Nicole appeared as the Wicked Queen in the pantomime Snow White and the Seven Dwarfs at Eastbourne's Devonshire Park Theatre, from 12 December 2008 to 11 January 2009, alongside Stefan Booth and Niamh Perry from BBC's I'd Do Anything. She repeated this role at The Place theatre, Oakengates in Telford, in the pantomime Snow White, from 8 December 2015 to 3 January 2016, alongside Jeremy Edwards and Amy Reader. She sang solo with Frank Renton's Concert Brass on 10 December 2009 and again in December 2012 at the Royal Albert Hall at a charity Concert with the Stars for TV Times in aid of Leukaemia Research. She regularly performs her own cabaret at venues, such as Pizza on the Park, now known as The Pheasantry.

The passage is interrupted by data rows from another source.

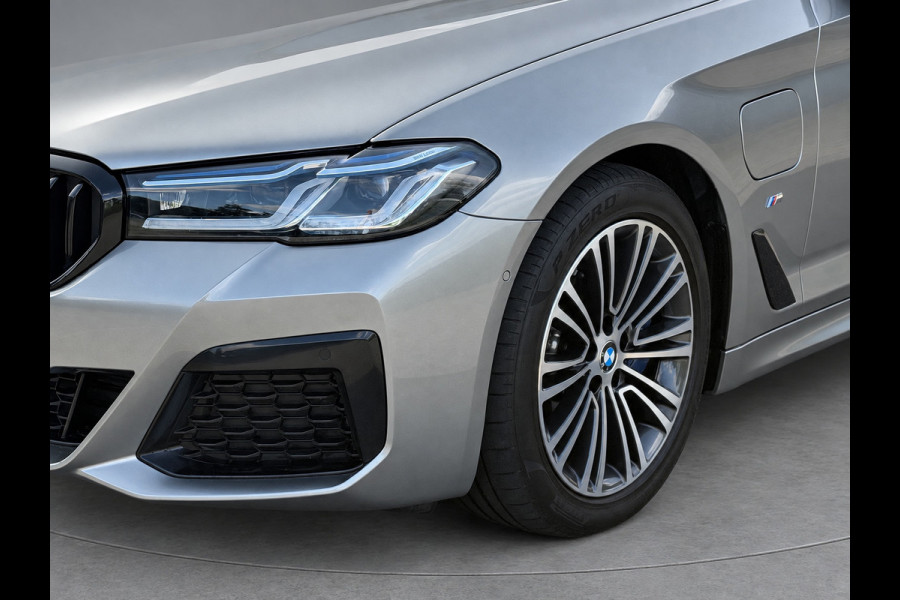 BMW 5 Serie Touring 530e M sport PLUS, panoramadak, electr trekhaak, lazer, VOL OPTIES! 1 e eigenaar, Origineel NL auto met nap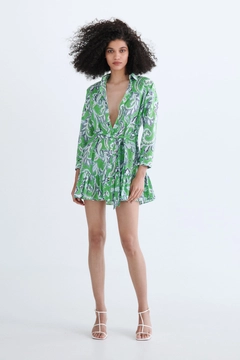 Ένα μοντέλο χονδρικής πώλησης ρούχων φοράει SBE10060 - Dress - Green, τούρκικο Φόρεμα χονδρικής πώλησης από Sobe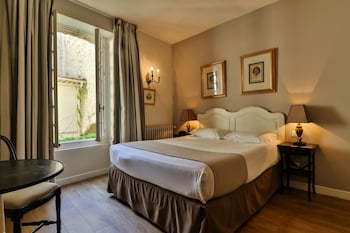 room-image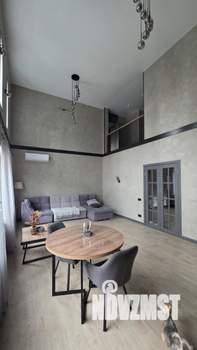 Коттедж 470м², 3-этажный, участок 10 сот.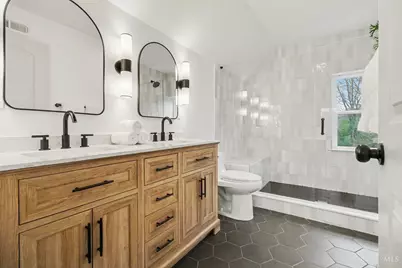 6050 Colter Avenue, Cincinnati, OH 45230 - Photo 21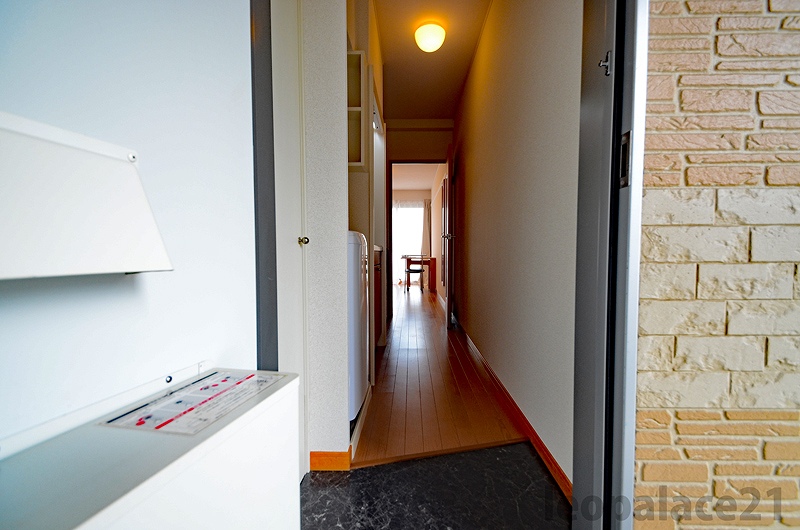 レオパレスＫＳＰＩＲＩＴ　桜 玄関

She has twice appeared as a guest star in best friend Dianne Pilkington's cabarets at Lauderdale House in 2005 and 20 February 2011, singing 'Who Will Love Me As I Am' and 'It's Never That Easy/I've Been Here Before' respectively. She sings this duet on Dianne's debut album Little Stories. She can also be heard on the West End cast album of Bad Girls: The Musical. In 2017, she also featured in the Snow White and the Seven Dwarfs Pantomime at the Palace Theatre.

==Credits==
===Film & TV===

Television
| Year | Title | Role | Notes |
|---|---|---|---|
| 1999 | Agony | Debbie | 1 episode |
| 2000 | Empty Mirror | Lauren Simpson | Feature film |
| 2001 | tvSSFBM EHKL | Lotte | TV film |
| 2001 | 'Orrible | Patrice | 1 episode |
| 2002 | Time Gentlemen Please | Sally | 1 episode |
| 2002 | Casualty | Heather Lincoln | 10 episodes |
| 2002–2003 | Bad Girls | Snowball Merriman | 14 episodes |
| 2003 | Loose Women | Herself | 1 episode |
| 2004 | Bad Girls: Most Wanted | Herself Snowball Merriman Shell Dockley | TV programme |
| 2005 | Cathedral | Marjorie | Educational TV mini-series |
| 2008 | The End of Fast Rewind | Lola | Short film |
| 2008 | The Bill | Julie Seaton | 1 episode |
| 2008 | Grandma's Funeral |  | Short film |
| 2009 | Bad Girls: The Musical | Shell Dockley | DVD release |
| 2009 | Doctors | Samantha Ashdown | 1 episode |
| 2009 | Kingdom | Joannie | 1 episode |
| 2010 | Last Tango in Croydon |  | Short film |
| 2013 | Emmerdale | Veronica | 6 episodes |
| 2013 | Top Dog | Dawn | Feature film |
| 2014 | Rudie Can't Fail | Keli | Short film |
| 2015 | 8ish | Lucy | Short film |
| 2016 | Kill Kane | Kim Brookes | Feature film |

===Theatre Credits===

| Year | Title | Role | Theatre | Location |
|---|---|---|---|---|
| 2006–07 | Bad Girls: The Musical | Shell Dockley | Garrick Theatre | West End |
| 2008 | An Audience with the Mafia | Eva | Apollo Theatre | West End |
| 2008–09 | Snow White | Wicked Queen | Devonshire Park Theatre | Eastbourne |
| 2015 | Snow White | Wicked Queen | Place Theatre | Telford |

==Personal life==
Faraday is openly bisexual. Prior to joining Bad Girls in 2002, she had only been in romantic relationships with men, although she had long known that she was also attracted to women.